Based in Sydney, Australia, Foundry is a blog by Rebecca Thao. Her posts explore modern architecture through photos and quotes by influential architects, engineers, and artists.

The Binding Review (Film, 2020)

The Binding Review (Film, 2020)

content warning: animal abuse, violence against children, gore, religious content

A woman and her daughter visit her fiance’s mother in the countryside. The daughter wanders off, as children do, and winds up being hit with a curse from exploring the wrong part of the estate. Now the family is fighting against the forces of evil and the impenetrable secret rites of the locals to save a child from total destruction.

Domenico Emanuele de Feudis’ debut feature film is beautiful. The slight sepia tone to the stock pushes the beautiful Italian manor into the realm of nightmares. Sometimes, less is more in horror and the golden hues of The Binding are enough on their own to offset the balance of reality and make anything possible.

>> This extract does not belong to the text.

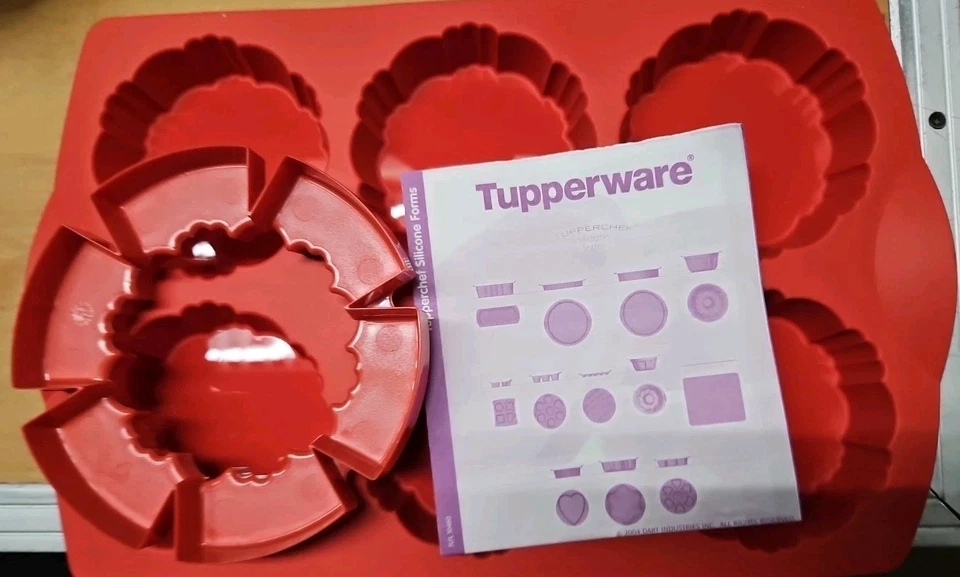 Tupperware Silikon Backform * Tortelette und Ausstecher * rot - Bild 1 von 1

The Binding is a Catholic exorcism film. This might seem like a redundant term, but there is a distinction here. A Catholic exorcism film is one in which the rituals and practices of Roman Catholicism are distorted to create horror. It takes more than a splash of holy water to really qualify for this distinction. The climactic battle against a demon is a twisted interpretation of mass, including sacramental wine and communion, prayer, homily, and dismissal. It’s meant as an act of criticism against the lavish rituals of the faith through blasphemy and pure terror.

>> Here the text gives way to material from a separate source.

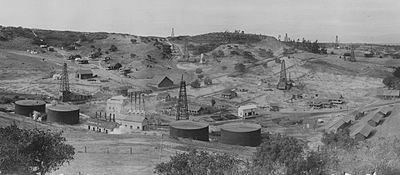 Cat Canyon Oil Field httpsuploadwikimediaorgwikipediacommonsthu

The exorcism as a horror form is common now. We get a few of these films every year. Some claim to be based on true events. Others go for extremity of reaction and distortions of the victim. The Binding goes for a mix between Gothic and exorcism forms.

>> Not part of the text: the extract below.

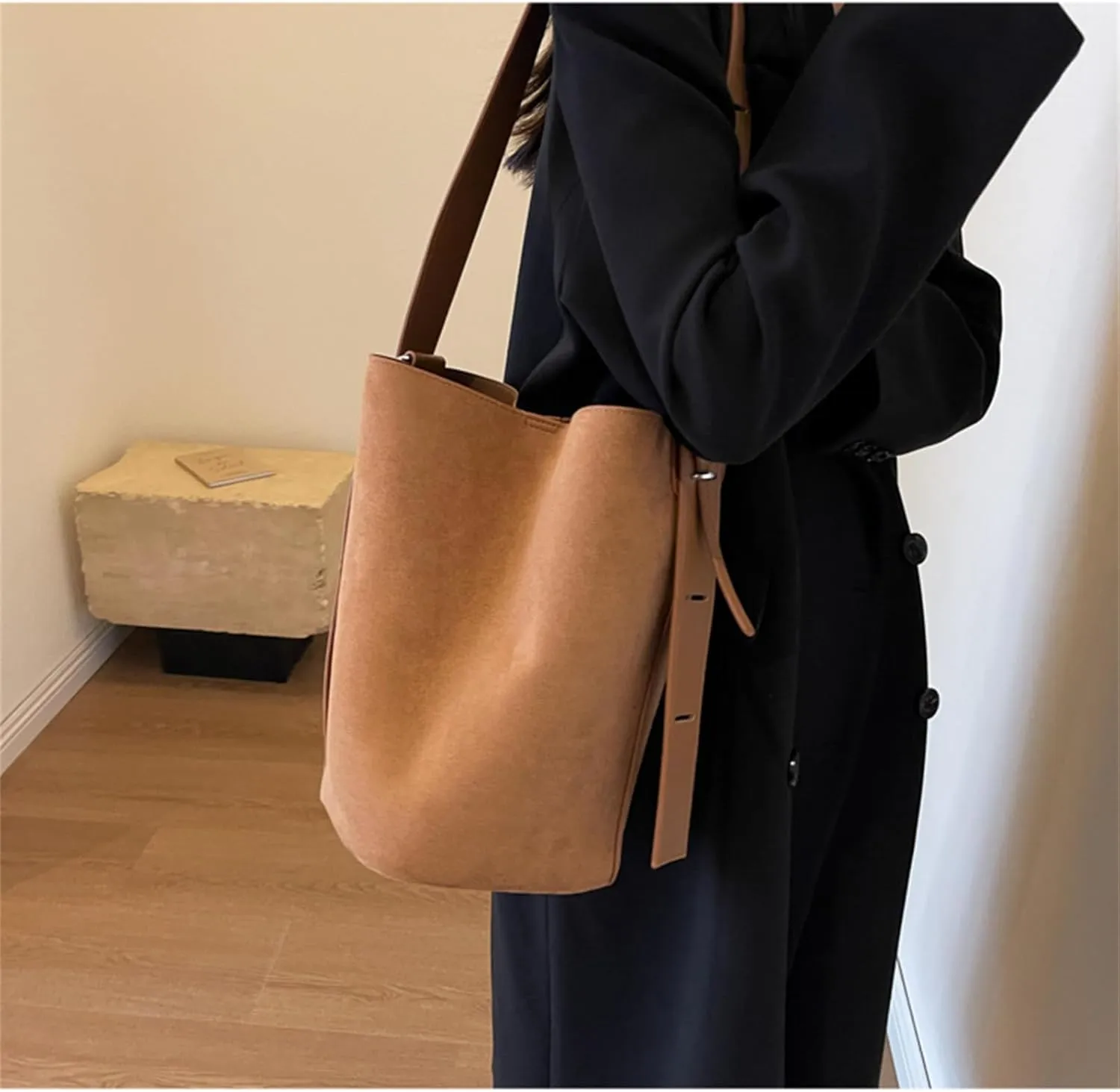 Women Suede Bucket Bag 2025 Fall Bags Trendy Brown Tote Vintage Shoulder Handbag with Pouch Work Purses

The woman enters this beautiful mansion she’s never known before. The older generation that lives in and around the countryside has a very different style of life. Every action they take has an element of prayer and ritual. They don’t specify exactly what each prayer is, but they all do each moment in perfect symmetry. Each ritual pushes the woman further and further to the outskirts of her new family. Her faith is not in question; her understanding of what they’re actually praying to for protection is.

As someone raised Catholic, I find the particular approach to horror in The Binding quite effective. I can also see how someone without the ingrained training of years of Catechism and, specifically, the veneration of saints could be left wanting more. The Binding never defines the terms of its world, forcing you to work off your own knowledge (or lack thereof) of Catholic ritual and iconography to unpack its meaning.

For example, an early scene has the woman enjoying a banquet at a long wooden table. They are celebrating her engagement. They perform a near-silent prayer she does not recognize, ending with a sip of wine taken in unison by every other guest. She winds up spilling a splash of red wine onto her white linen shirt. The precise placement of the splash is important. She has a growing red stain in her right side, matching the fifth wound of Christ during his crucifixion. This is after the woman notices another person at the table hiding small marks on her wrists, another part of the five wounds depicted in the Catholic cross, candles, portraiture, and iconography surrounding Jesus. These are blink and you’ll miss it moments of symbolism that penetrate my lapsed Catholic mind like Daisy’s green light in The Great Gatsby.

The Binding is a slow, heavily symbolic, and beautiful exorcism film. I’m a big fan of this particular style of religious horror, so I found a lot of value in it. This is a form that reached its peak in the exploitation films of the 1970s, so the references aren’t quite as mainstream and remembered as they used to be.

The Binding is streaming on Netflix.